**About this exercise**. Return only the lines below starting at the line containing "Woman traveler with" and ending at the line containing "Dean Carpenter standing", both included, exactly as they are and with no pictures.

**Material for the task**.
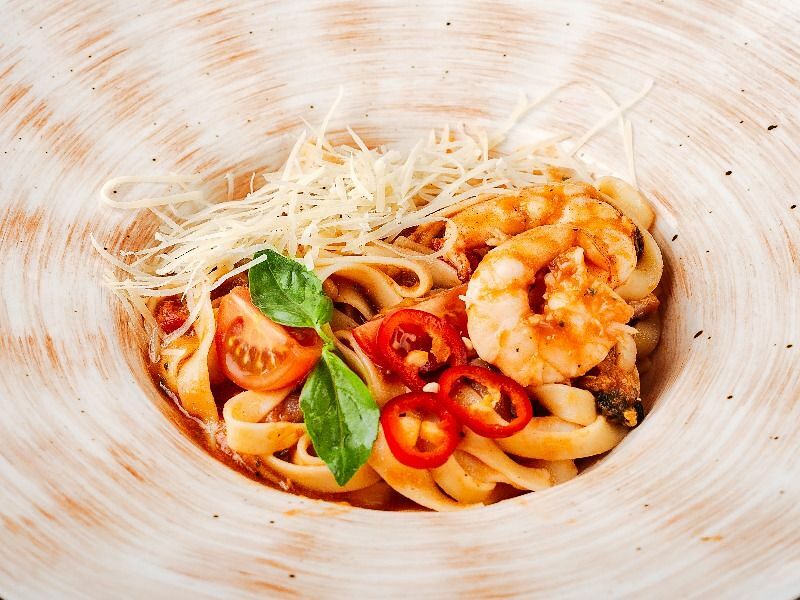 Как приготовить спагетти с морепродуктами в сливочном соусе. Пошаговый рецепт с фото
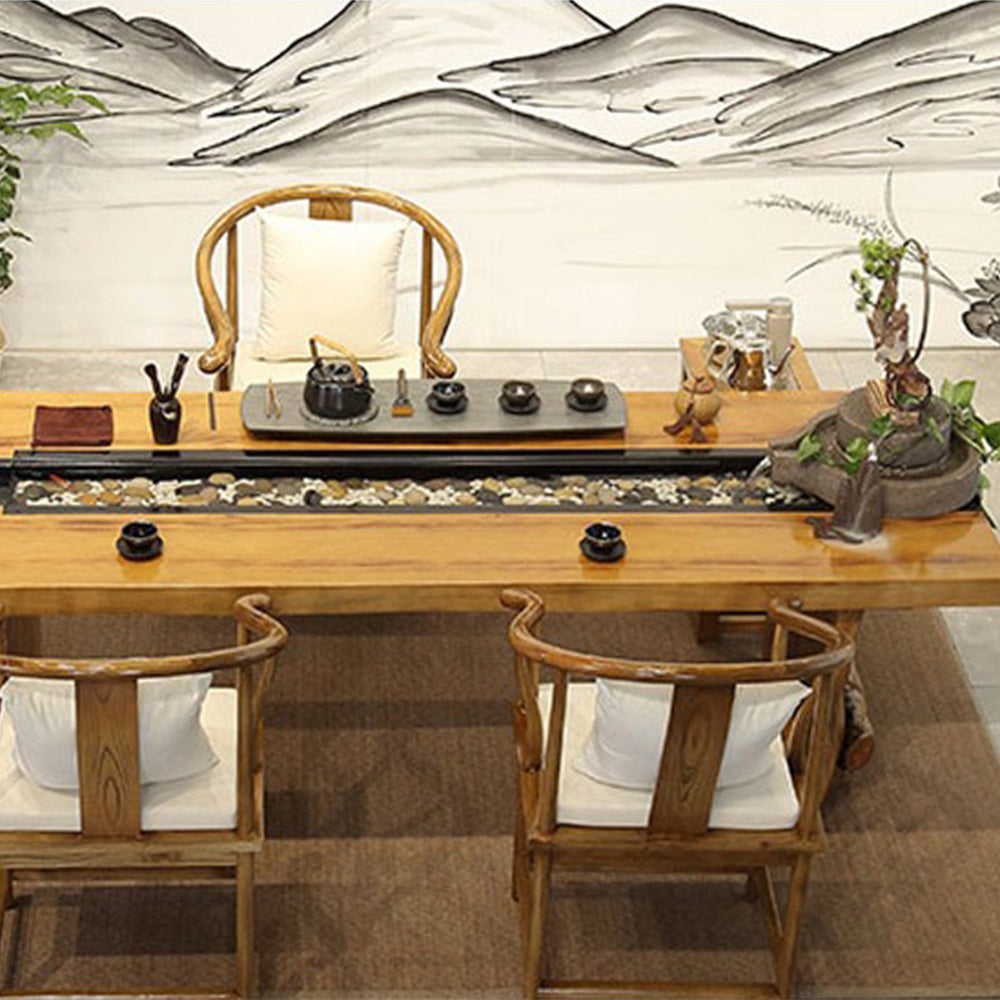 Close-up of the circulating water feature on a Chinese wooden tea table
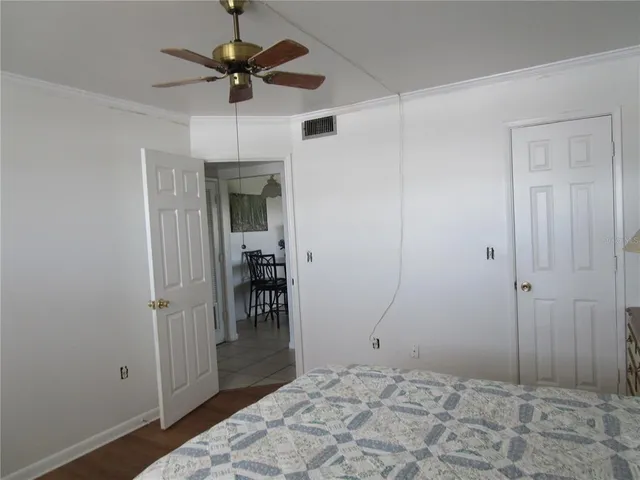 a bedroom with a dresser and a chandelier fan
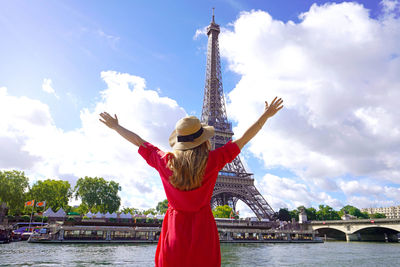 Woman traveler with hat and arms raised on the seine river in paris. 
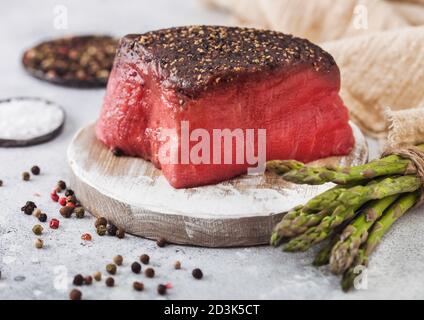 Scheibe Roher Rinderoberseite mit Salz und Pfeffer auf runder Hackbrett mit Spargelspitzen und Knoblauch auf hellem Küchentisch. Stockfoto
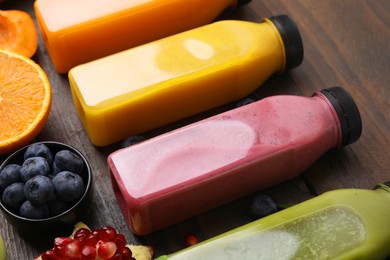 Glass bottles of tasty smoothies and different products on wooden table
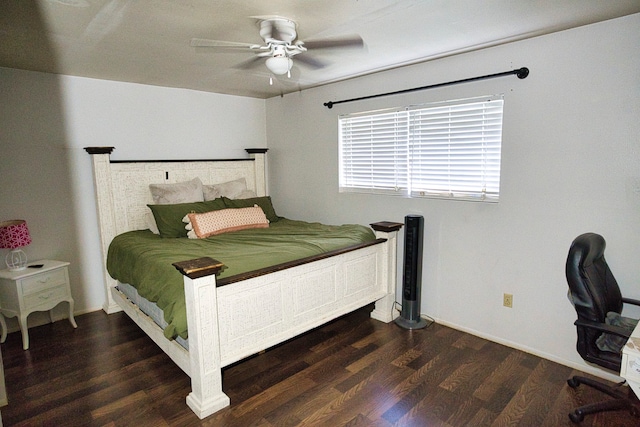 bedroom featuring ceiling fan and dark hardwood / wood-style flooring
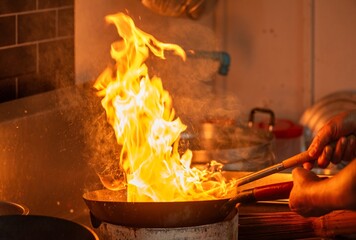 Man is cooking food in a kitchen with a lot of smoke and fire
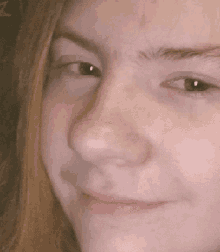 a close up of a person 's face with a smile on it .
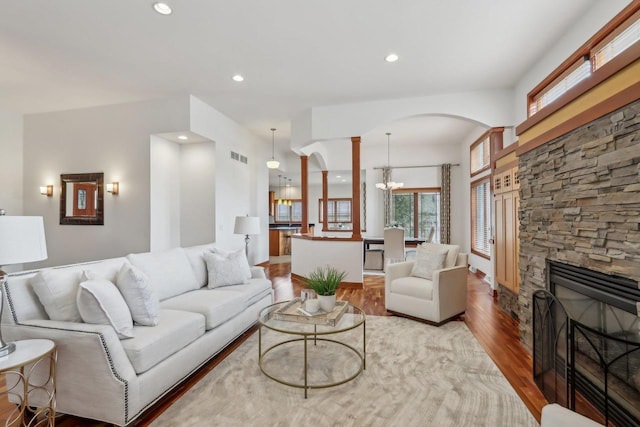 living area featuring arched walkways, a stone fireplace, recessed lighting, wood finished floors, and visible vents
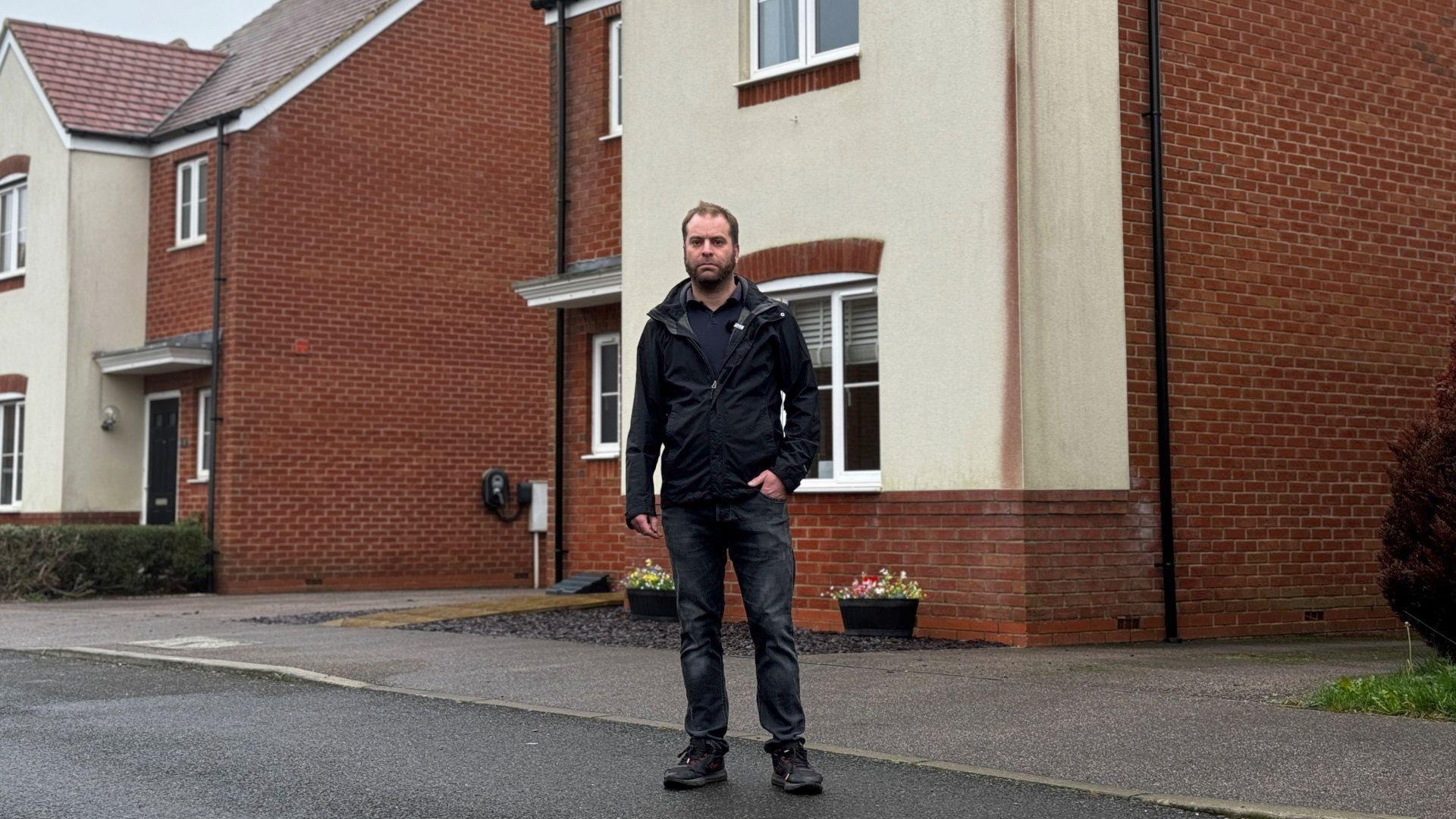 Dean Carpenter standing in front of his new build home with a large dark red stain running down one corner of the walls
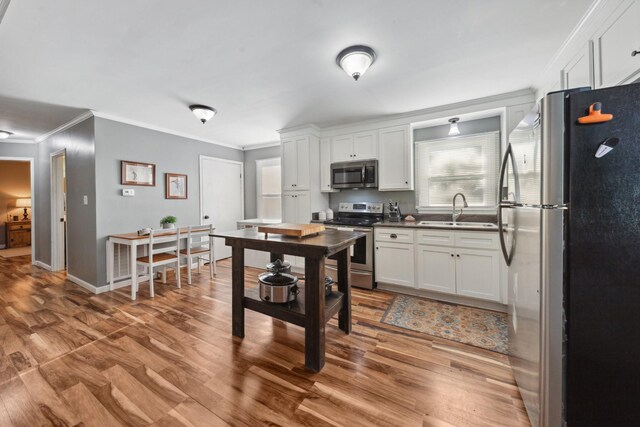 102 Lakeside Dr, Columbia, TN 38401 - kitchen featuring crown molding, wood finished floors, a sink, stainless steel appliances, and white cabinetry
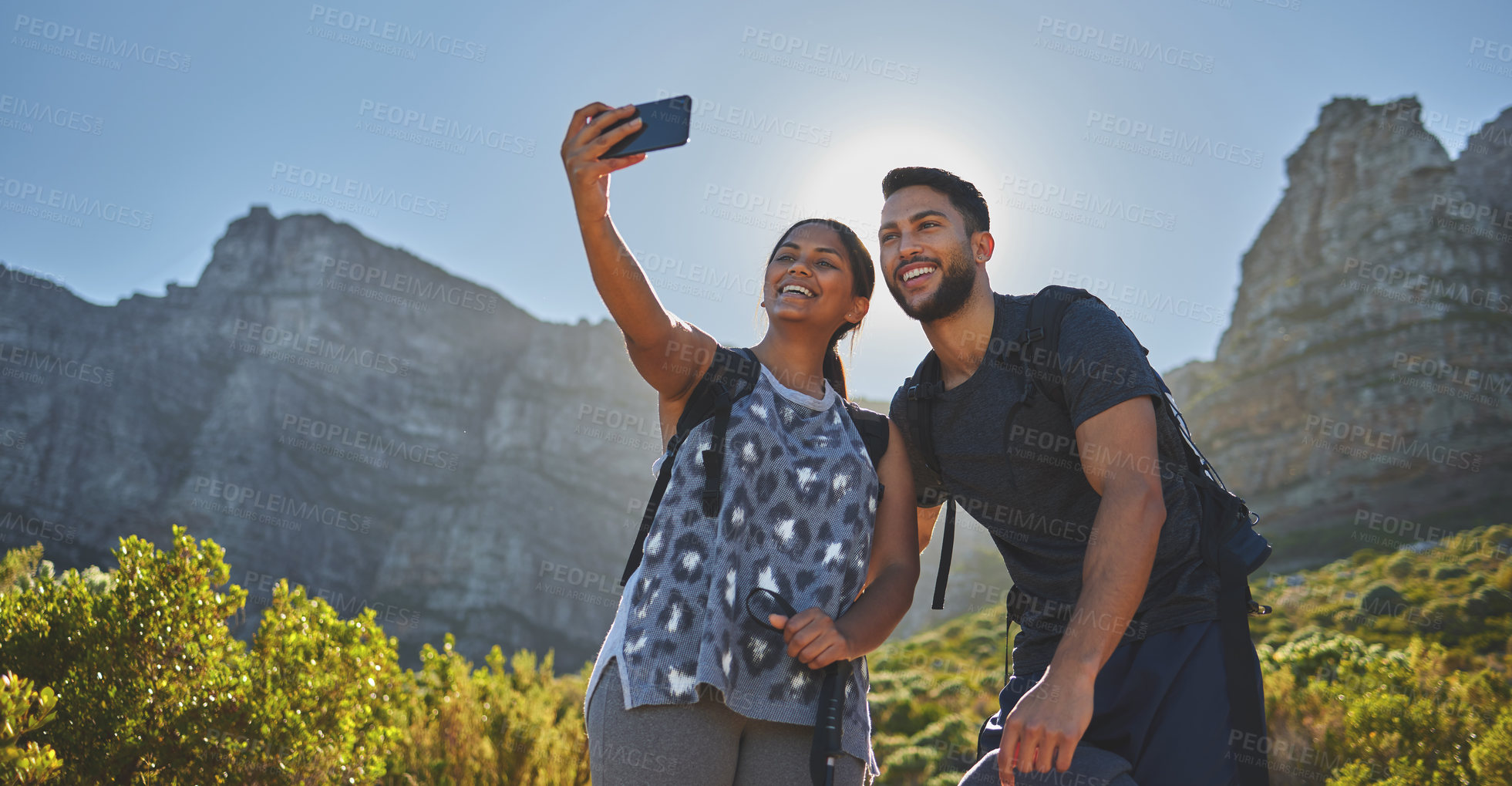 Buy stock photo Shot of a young couple taking photos while out on a hike in a mountain range outside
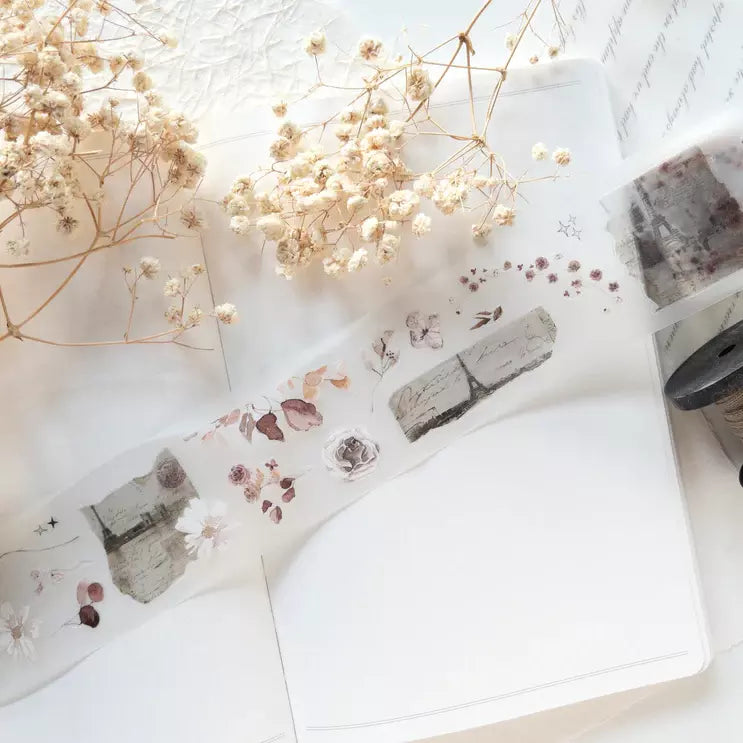 Paper Garden PET Tape floral strip laid with dried flowers on a white surface, top view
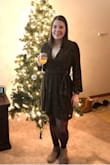 I absolutely love this dress! I usually wear a medium in dresses because I worry about them being too short, however, I was glad I ordered the small in this and it fit perfectly. I was worried about the bust but it turns out the tie on the front of the dress can be tightened and adjusts the neckline when you do so.
When in a well-lit area, the dress is much more gold looking than in dim-lighting, but still equally pretty! I also appreciate that the material is comfortable and non-scratchy like other sparkly dresses I've worn have been. Definitely recommend this dress! - Larissa W.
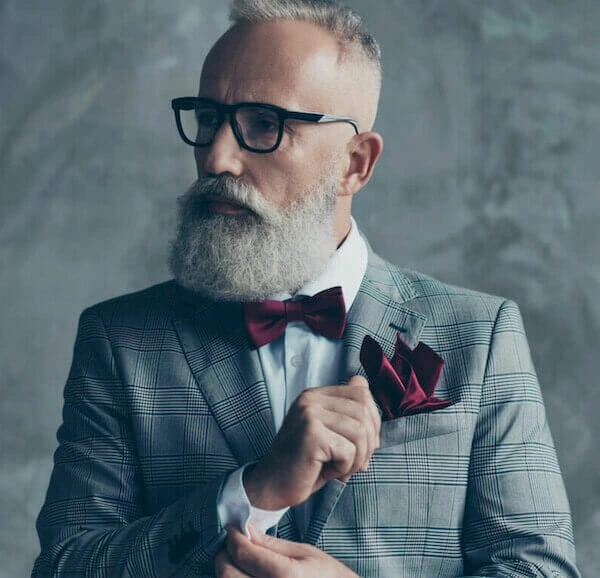 man adjusting cufflink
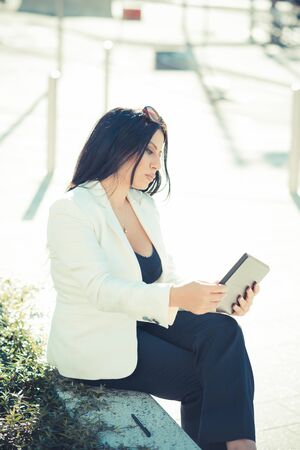beautiful long black hair elegant business woman using tablet in the cityの写真素材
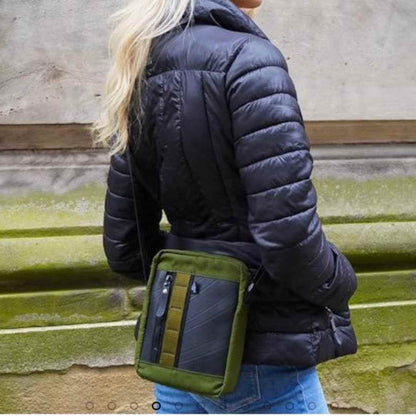 Close-up of the Major Vegan Crossbody Reporter Bag’s textured upcycled rubber strap detail from a front-side angle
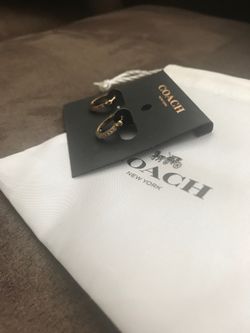 2 sets of coach earrings. Brand new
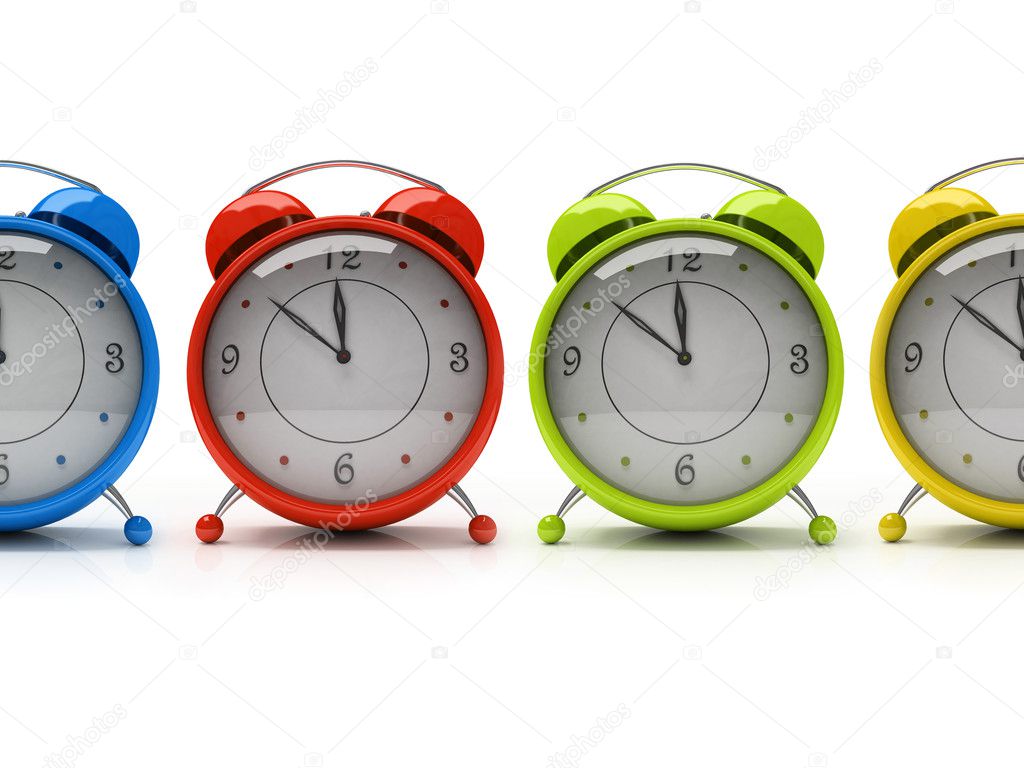 Four colourful alarm clocks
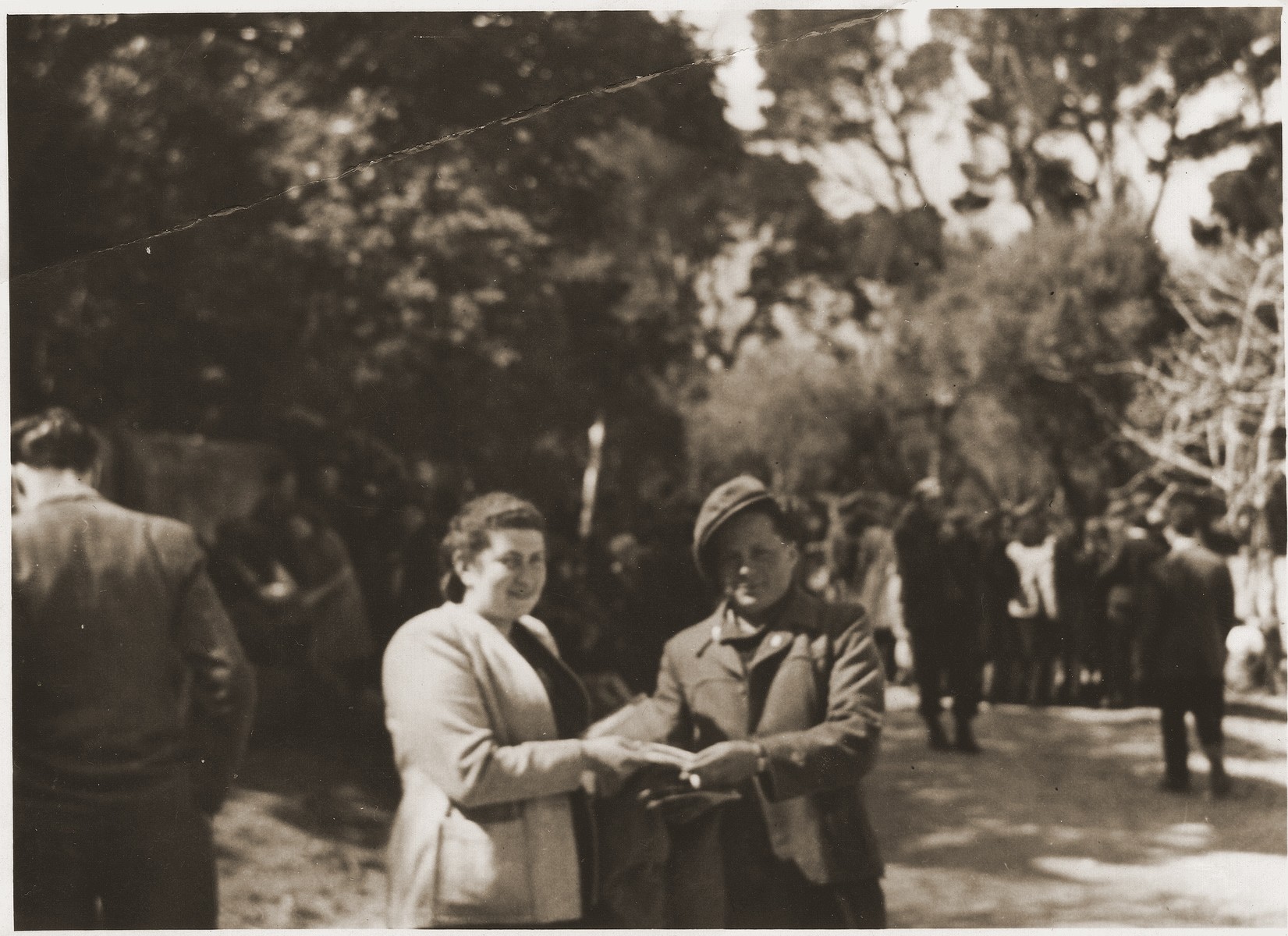 Hadassah Bimko and poses with another DP at the Marsylia transit camp (a former Yugoslav POW camp) in Marseilles.

Bimko icame to Marseilles to accompany a transport of Jewish orphans from the Bergen-Belsen displaced persons' camp who will  board the SS Champollion for Palestine.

**Exercise solution**.
 Woman traveler with hat and arms raised on the seine river in paris. 
 Scheibe Roher Rinderoberseite mit Salz und Pfeffer auf runder Hackbrett mit Spargelspitzen und Knoblauch auf hellem Küchentisch. Stockfoto
 Glass bottles of tasty smoothies and different products on wooden table
 bedroom featuring ceiling fan and dark hardwood / wood-style flooring
 Man is cooking food in a kitchen with a lot of smoke and fire
 a close up of a person 's face with a smile on it .
 living area featuring arched walkways, a stone fireplace, recessed lighting, wood finished floors, and visible vents
 Dean Carpenter standing in front of his new build home with a large dark red stain running down one corner of the walls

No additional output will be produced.